China: Mine disaster claims 166 lives

The death toll in a major coal mine explosion in central China rose to 166 on Dec. 1, making it the deadliest accident in the country’s mining industry in years. Frantic rescue workers were blocked by fires and toxic fumes after a Nov. 28 gas explosion at the Chenjiashan coal mine in Shaanxi Province. They were able to save 127 lives.

President Hu Jintao and Premier Wen Jiabao — himself a former head of the state industrial safety bureau — had urged local officials to do everything possible to rescue the missing miners and care for the injured, while provincial officials, family members and the head of the State Production Safety Bureau rushed to the scene.

The state-owned Chenjiashan mine is capable of producing 2.3 million tons of coal a year. Coal, oil and gas are contained together there, which experts say can easily cause fires and explosions. A gas explosion there in April 2001 claimed 38 lives.

In recent years the government and Communist Party have focused increasing attention on industrial health and safety including mining accidents – most of them in smaller and privately owned mines. Small illegal mines have been closed, and overall standards tightened.

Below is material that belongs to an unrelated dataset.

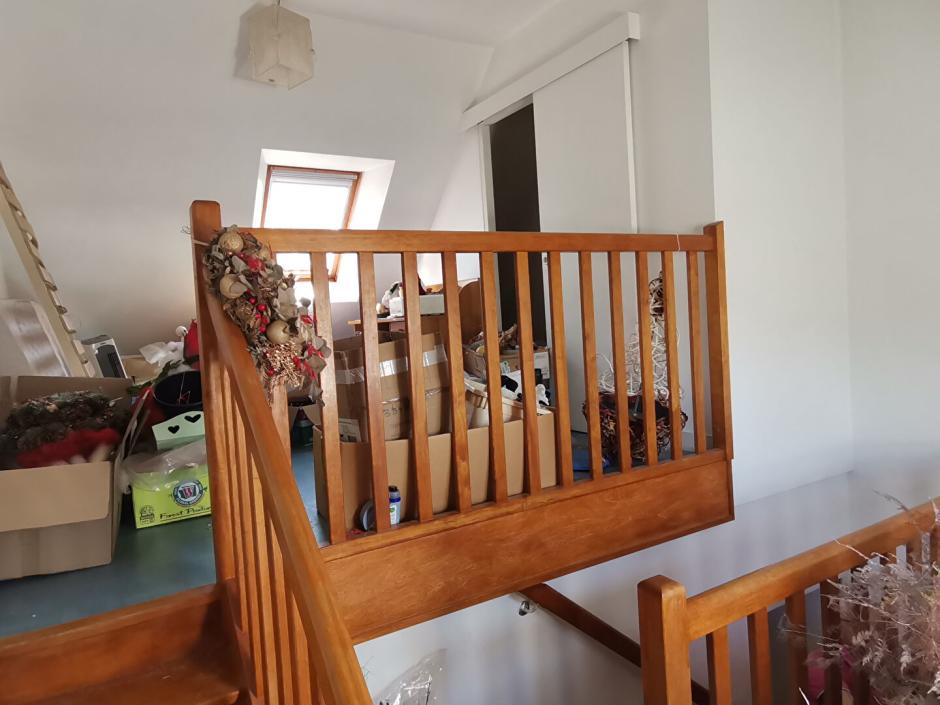 Ac3- vente immeuble 
montfort sur meu
 1742347103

Venezuela: Coup prosecutor assassinated

On Nov. 18, Venezuela’s state prosecutor Danilo Anderson — lead prosecutor in the investigation of some 400 people for their part in the 2002 coup that attempted to remove President Hugo Chavez — was killed by a car bomb in Caracas, according to Nicaragua Solidarity Network’s Weekly News Update. Anderson had told Reuters earlier in the month that he hoped soon to complete the formal indictment of all the accused.

Opposition leaders denied involvement, but Information Minister Andres Izarra called the murder “a political assassination whose essential objective is to intimidate the judicial branch” and stop the investigations.

Though the Bush administration denied advance knowledge of the coup, recently released CIA documents show that Washington knew about it in advance, Newsday said last week. Leading National Security Archive analyst Peter Kornbluth called the CIA briefs “substantive evidence” that the CIA knew about the coup beforehand, but said the documents did not prove direct U.S. involvement.

Africa: Women hit hardest by AIDS

Over three-quarters of sub-Saharan young people between 15 and 24 living with AIDS are women, as are over half the adults living with the disease, according to a United Nations report released Nov. 23.

The report, prepared by the UN Secretary-General’s task force on women, girls and AIDS in southern Africa, attributed the increased vulnerability of women to sexual violence, unequal access to information, gender-power relations and traditions like wife inheritance, whereby a male relative of a deceased husband may marry his widow.

The UN is calling for measures ensuring women have access to education, prevention information and treatment, and are guaranteed their right to own property.

Philippines: Protest attack on strikers

The International Federation of Food and Allied Workers (IUF) last week sharply condemned the Philippine military’s shooting of pickets outside the Hacienda Luisita Sugar Mill Nov. 16, killing at least seven sugar mill workers, injuring 53 more and resulting in 130 arrests.

“No military force in the world has a place in resolving labor disputes,” the IUF said. Workers struck after they rejected management’s proposal during collective bargaining. The government then issued a back-to-work order.

“No matter what the status of that order,” the IUF said, “there can be no moral or legal justification for what followed.” The federation demanded urgent action to change labor laws as well as dropping of charges against the pickets and reinstatement of fired workers.